For millions of Americans, fall ushers in the ultimate season — football — when the smell of pigskin perfumes the air and sometimes blurs the line between a fan and a fanatic.
“Football is an all-American sport and people love it, especially in the South. But for some people, watching football can become an obsession,” says Josh Klapow, Ph.D., University of Alabama at Birmingham clinical psychologist in the School of Public Health.
Dedication to a sport or team is normal, Klapow says, but a football addiction can endanger relationships and wreak havoc on the life of a super-fan.
“It’s not how much time you spend watching football that matters,” Klapow says, “it’s whether or not that is causing negative behaviors in your life. Whether it’s 10 hours per week or 40, the issue is its affect on your real-life obligations.”
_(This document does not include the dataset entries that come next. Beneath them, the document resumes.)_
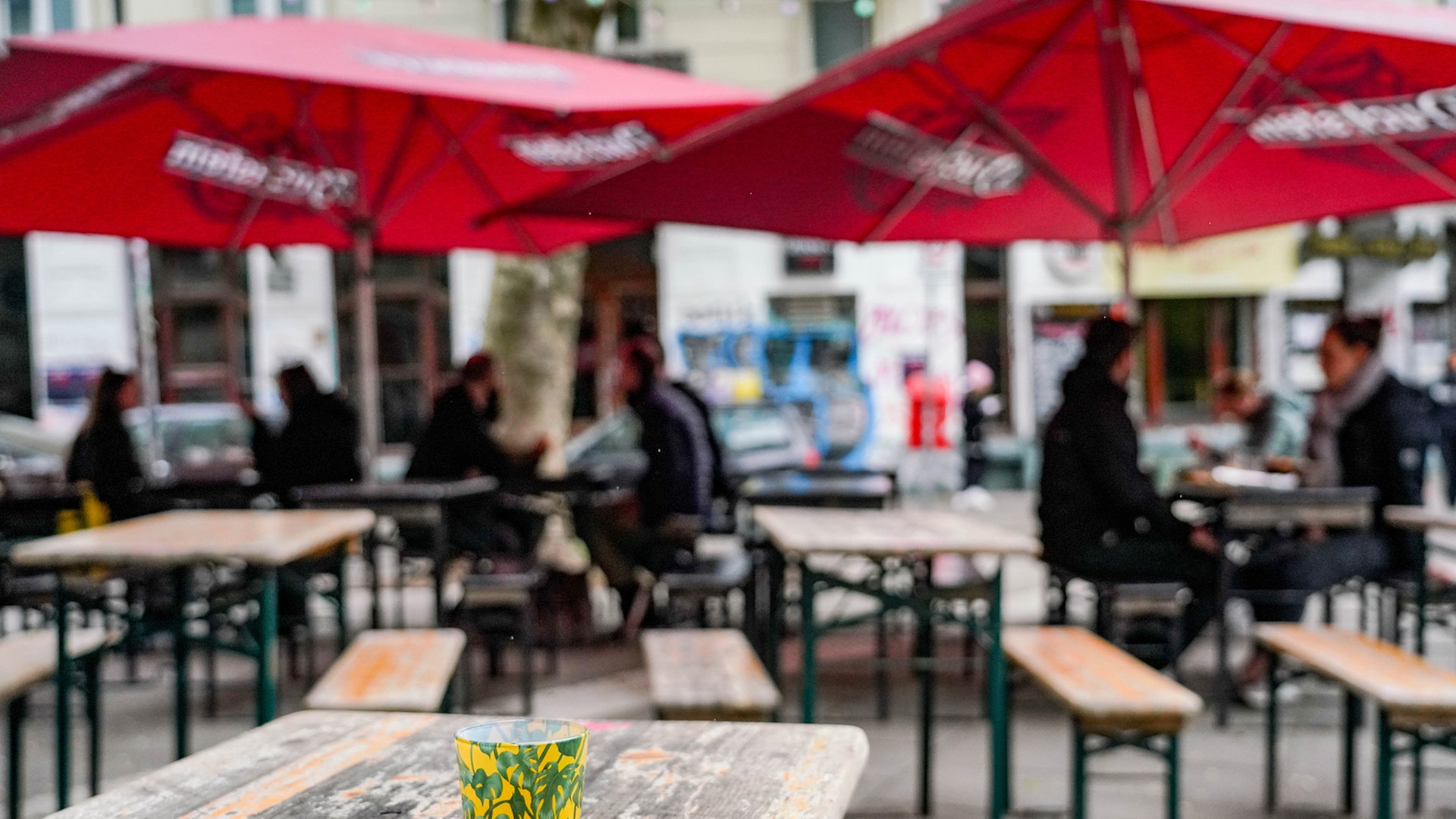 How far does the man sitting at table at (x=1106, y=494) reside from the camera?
232 inches

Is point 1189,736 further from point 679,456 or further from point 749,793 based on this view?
point 749,793

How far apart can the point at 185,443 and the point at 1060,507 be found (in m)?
10.4

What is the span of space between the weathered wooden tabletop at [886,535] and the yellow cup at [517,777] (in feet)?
9.57

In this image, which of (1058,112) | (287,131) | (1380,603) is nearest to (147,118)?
(287,131)

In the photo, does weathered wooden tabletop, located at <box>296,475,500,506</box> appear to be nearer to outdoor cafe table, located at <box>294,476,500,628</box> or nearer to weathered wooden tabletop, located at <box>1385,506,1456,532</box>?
outdoor cafe table, located at <box>294,476,500,628</box>

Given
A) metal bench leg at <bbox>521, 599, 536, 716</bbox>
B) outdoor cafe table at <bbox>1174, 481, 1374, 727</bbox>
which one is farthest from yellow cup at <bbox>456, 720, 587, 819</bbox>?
outdoor cafe table at <bbox>1174, 481, 1374, 727</bbox>

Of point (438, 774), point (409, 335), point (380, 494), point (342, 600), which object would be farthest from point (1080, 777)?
point (409, 335)

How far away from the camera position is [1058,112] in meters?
6.00

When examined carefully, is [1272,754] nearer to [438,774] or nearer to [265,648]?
[265,648]

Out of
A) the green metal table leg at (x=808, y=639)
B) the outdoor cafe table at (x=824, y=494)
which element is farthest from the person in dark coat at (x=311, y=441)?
the green metal table leg at (x=808, y=639)

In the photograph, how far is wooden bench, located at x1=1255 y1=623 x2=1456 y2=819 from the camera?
3.84 meters

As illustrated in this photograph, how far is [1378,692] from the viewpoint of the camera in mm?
3859

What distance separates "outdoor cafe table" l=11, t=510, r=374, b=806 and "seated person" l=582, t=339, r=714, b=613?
7.31 feet

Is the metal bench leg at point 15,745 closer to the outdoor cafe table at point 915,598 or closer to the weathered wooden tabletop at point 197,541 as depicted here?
the weathered wooden tabletop at point 197,541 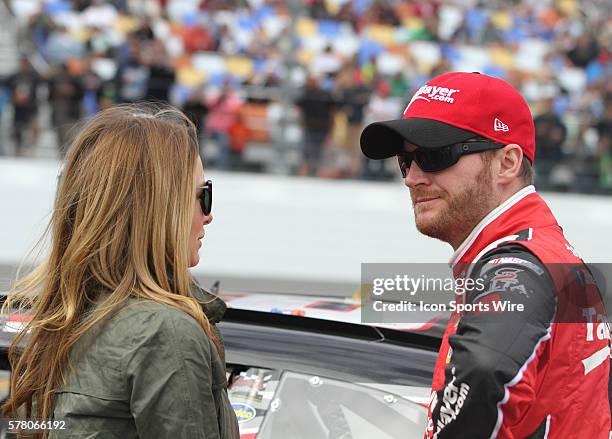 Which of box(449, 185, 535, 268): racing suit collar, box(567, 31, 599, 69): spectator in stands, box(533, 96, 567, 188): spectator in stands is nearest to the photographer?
box(449, 185, 535, 268): racing suit collar

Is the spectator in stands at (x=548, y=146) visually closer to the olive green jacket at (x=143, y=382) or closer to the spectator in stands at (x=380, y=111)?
the spectator in stands at (x=380, y=111)

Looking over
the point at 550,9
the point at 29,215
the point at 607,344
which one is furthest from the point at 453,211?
the point at 550,9

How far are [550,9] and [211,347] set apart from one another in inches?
462

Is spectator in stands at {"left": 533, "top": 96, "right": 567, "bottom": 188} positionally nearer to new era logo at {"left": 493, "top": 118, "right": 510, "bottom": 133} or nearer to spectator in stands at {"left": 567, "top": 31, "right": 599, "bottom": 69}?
spectator in stands at {"left": 567, "top": 31, "right": 599, "bottom": 69}

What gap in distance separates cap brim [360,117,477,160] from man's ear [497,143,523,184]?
74 mm

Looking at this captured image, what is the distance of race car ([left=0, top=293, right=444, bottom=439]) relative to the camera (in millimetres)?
1818

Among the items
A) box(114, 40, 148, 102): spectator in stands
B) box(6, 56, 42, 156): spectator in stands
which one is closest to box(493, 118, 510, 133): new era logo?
box(114, 40, 148, 102): spectator in stands

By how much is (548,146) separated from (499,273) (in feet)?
24.7

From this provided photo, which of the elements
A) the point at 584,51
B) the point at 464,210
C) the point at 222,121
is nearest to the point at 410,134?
the point at 464,210

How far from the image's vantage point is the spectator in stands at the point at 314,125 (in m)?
8.46

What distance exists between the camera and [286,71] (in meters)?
8.73

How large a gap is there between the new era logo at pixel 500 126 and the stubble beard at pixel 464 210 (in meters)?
0.08

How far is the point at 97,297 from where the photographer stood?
150 centimetres

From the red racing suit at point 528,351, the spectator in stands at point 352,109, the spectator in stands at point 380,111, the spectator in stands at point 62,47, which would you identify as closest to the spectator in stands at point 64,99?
the spectator in stands at point 62,47
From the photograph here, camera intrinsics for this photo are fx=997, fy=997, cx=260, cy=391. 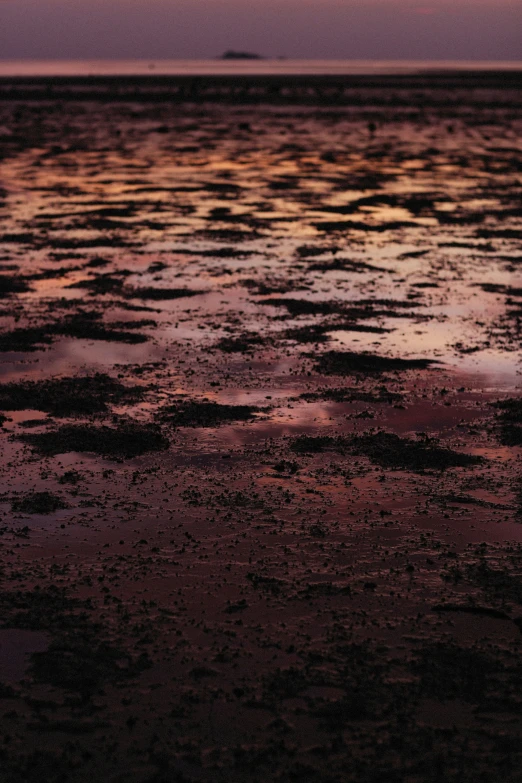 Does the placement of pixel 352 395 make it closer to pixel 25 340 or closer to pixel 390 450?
pixel 390 450

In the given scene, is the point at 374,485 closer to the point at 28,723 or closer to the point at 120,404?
the point at 120,404

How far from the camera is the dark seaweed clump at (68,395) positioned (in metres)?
8.51

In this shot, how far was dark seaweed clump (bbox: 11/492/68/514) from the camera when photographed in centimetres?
645

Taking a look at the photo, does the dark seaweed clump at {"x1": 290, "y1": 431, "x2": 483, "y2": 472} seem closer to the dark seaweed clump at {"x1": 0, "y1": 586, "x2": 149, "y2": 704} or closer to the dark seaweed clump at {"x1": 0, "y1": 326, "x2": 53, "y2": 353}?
the dark seaweed clump at {"x1": 0, "y1": 586, "x2": 149, "y2": 704}

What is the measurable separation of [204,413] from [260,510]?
78.5 inches

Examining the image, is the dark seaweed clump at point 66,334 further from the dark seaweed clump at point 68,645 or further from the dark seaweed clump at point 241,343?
the dark seaweed clump at point 68,645

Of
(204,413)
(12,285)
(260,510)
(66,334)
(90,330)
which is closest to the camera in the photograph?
(260,510)

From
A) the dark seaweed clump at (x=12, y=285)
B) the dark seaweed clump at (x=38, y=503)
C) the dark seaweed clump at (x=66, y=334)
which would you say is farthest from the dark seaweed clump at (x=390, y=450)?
the dark seaweed clump at (x=12, y=285)

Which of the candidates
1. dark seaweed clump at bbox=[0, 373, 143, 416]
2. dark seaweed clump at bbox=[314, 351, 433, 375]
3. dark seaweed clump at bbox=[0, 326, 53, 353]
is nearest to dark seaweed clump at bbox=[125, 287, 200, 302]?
dark seaweed clump at bbox=[0, 326, 53, 353]

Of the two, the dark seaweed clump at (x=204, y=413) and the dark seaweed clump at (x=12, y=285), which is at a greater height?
the dark seaweed clump at (x=12, y=285)

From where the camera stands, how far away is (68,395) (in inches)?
346

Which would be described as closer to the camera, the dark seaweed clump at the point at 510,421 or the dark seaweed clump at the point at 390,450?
the dark seaweed clump at the point at 390,450

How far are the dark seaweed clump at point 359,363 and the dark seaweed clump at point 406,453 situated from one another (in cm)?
178

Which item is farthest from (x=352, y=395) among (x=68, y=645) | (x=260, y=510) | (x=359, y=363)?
(x=68, y=645) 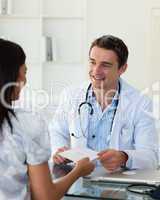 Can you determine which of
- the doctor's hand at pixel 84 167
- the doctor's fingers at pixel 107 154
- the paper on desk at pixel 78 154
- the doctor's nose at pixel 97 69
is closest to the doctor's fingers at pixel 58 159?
the paper on desk at pixel 78 154

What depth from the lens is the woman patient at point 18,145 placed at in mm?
1258

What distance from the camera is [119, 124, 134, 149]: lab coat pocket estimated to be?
2.26m

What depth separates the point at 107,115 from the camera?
233cm

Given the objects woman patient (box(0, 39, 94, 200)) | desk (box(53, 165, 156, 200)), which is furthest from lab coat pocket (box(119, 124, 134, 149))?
woman patient (box(0, 39, 94, 200))

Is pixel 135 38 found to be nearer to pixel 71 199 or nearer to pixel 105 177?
pixel 105 177

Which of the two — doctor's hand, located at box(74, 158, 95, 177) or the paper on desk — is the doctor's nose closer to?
the paper on desk

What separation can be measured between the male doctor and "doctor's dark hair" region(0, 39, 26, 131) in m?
0.93

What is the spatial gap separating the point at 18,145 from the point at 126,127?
43.1 inches

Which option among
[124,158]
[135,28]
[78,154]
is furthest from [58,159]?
[135,28]

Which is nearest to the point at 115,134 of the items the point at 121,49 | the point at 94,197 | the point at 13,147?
the point at 121,49

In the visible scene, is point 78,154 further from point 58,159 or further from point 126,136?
point 126,136

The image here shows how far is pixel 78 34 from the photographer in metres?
4.23

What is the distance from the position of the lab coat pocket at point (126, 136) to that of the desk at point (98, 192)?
1.93 feet

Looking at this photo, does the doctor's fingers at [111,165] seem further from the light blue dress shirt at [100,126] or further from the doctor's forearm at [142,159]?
the light blue dress shirt at [100,126] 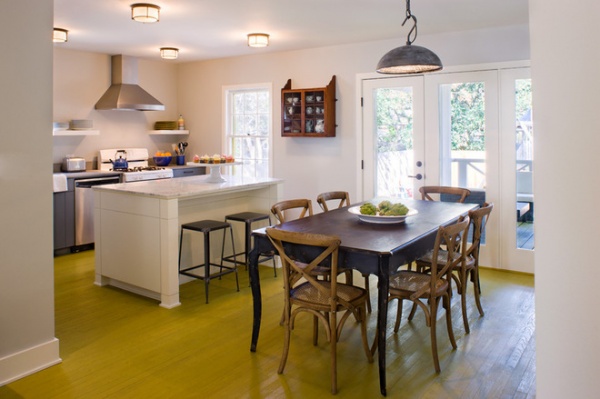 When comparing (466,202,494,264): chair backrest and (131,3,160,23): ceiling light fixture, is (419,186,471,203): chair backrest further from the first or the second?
(131,3,160,23): ceiling light fixture

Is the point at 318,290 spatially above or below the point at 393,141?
below

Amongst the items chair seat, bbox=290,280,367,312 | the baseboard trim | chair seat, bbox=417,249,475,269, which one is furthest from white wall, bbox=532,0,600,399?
the baseboard trim

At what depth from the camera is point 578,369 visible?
96 centimetres

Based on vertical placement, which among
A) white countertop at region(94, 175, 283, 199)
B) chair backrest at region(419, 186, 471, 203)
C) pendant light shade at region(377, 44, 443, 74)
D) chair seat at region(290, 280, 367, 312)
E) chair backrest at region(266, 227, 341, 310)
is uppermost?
pendant light shade at region(377, 44, 443, 74)

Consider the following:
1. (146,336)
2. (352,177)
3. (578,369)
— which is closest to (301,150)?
(352,177)

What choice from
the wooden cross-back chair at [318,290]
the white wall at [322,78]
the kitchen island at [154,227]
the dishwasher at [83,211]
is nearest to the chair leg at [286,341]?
the wooden cross-back chair at [318,290]

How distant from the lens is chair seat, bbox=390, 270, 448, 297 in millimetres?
2980

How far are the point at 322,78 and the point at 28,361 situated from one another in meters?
4.72

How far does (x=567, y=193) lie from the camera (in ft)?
3.21

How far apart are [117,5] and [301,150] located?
306cm

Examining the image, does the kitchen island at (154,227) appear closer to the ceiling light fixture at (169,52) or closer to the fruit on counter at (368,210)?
the fruit on counter at (368,210)

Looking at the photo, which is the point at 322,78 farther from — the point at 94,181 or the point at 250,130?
the point at 94,181

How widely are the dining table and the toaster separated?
4030 millimetres

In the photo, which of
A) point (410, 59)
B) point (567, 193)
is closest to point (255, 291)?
point (410, 59) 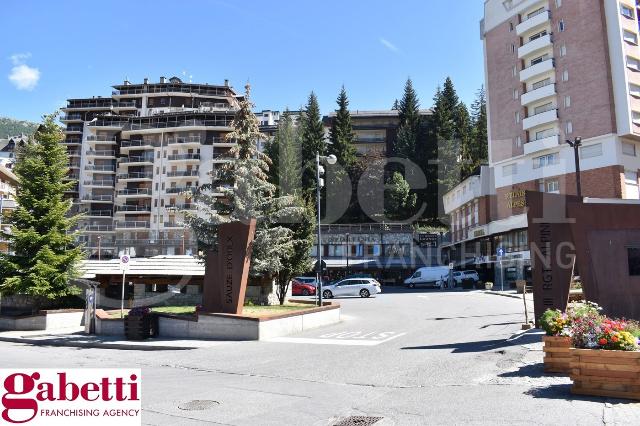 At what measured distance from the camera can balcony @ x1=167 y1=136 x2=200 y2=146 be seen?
74750mm

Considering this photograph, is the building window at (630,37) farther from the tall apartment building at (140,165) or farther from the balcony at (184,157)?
the balcony at (184,157)

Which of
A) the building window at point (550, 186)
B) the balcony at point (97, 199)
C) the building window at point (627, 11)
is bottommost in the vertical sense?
the building window at point (550, 186)

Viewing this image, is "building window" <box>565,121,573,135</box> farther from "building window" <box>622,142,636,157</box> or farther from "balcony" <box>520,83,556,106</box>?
"building window" <box>622,142,636,157</box>

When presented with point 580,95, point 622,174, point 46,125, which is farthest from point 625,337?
point 580,95

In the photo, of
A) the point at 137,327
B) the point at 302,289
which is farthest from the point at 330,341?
the point at 302,289

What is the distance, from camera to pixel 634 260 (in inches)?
520

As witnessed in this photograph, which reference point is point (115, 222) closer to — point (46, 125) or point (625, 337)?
point (46, 125)

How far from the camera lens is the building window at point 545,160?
46531mm

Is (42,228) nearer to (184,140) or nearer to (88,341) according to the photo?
(88,341)

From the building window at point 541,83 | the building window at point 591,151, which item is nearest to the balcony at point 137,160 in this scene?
the building window at point 541,83

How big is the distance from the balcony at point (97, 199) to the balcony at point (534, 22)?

So how do you define an abnormal love affair with football? Klapow says if a person is thinking about football while doing other things, irritated when a game is interrupted, missing family or other important events to watch a game or depressed, angry or violent when a team loses, that signals a loosening grip on reality and too much adoration for a game.
If you recognize this behavior in someone you love, Klapow says don’t sugarcoat it. If their addiction to sports is running your relationship, let them know.
The good news, Klapow says, is this can be helped. But as in all addictions, the addict first must recognize there is a problem.
“Ultimately this is a habit that needs to change, and moving forward means changing your behavior a little bit at a time,” Klapow says.
Klapow suggests the following tips to manage a sports addiction:
- Keep a log for one week of how much time is spent watching, listening or playing online sports.
- Set limits, such as one sporting event per week, two hours or less watching sports, etc.
- Allow your family an opinion on those rules, which might include not missing important family gatherings, such as birthdays or anniversaries for sporting events.
- Substitute new behaviors for sports viewing, such as exercise or spending time with family or friends.
- Seek help from a mental health professional to help address concerns regarding your habit.
“Watching sports provides an escape route for many people, enabling them to avoid thinking about problems or feelings they don’t want to confront. But the longer it goes, the stronger it gets and the more relationships it will ruin. Seeking professional help can change this,” says Klapow.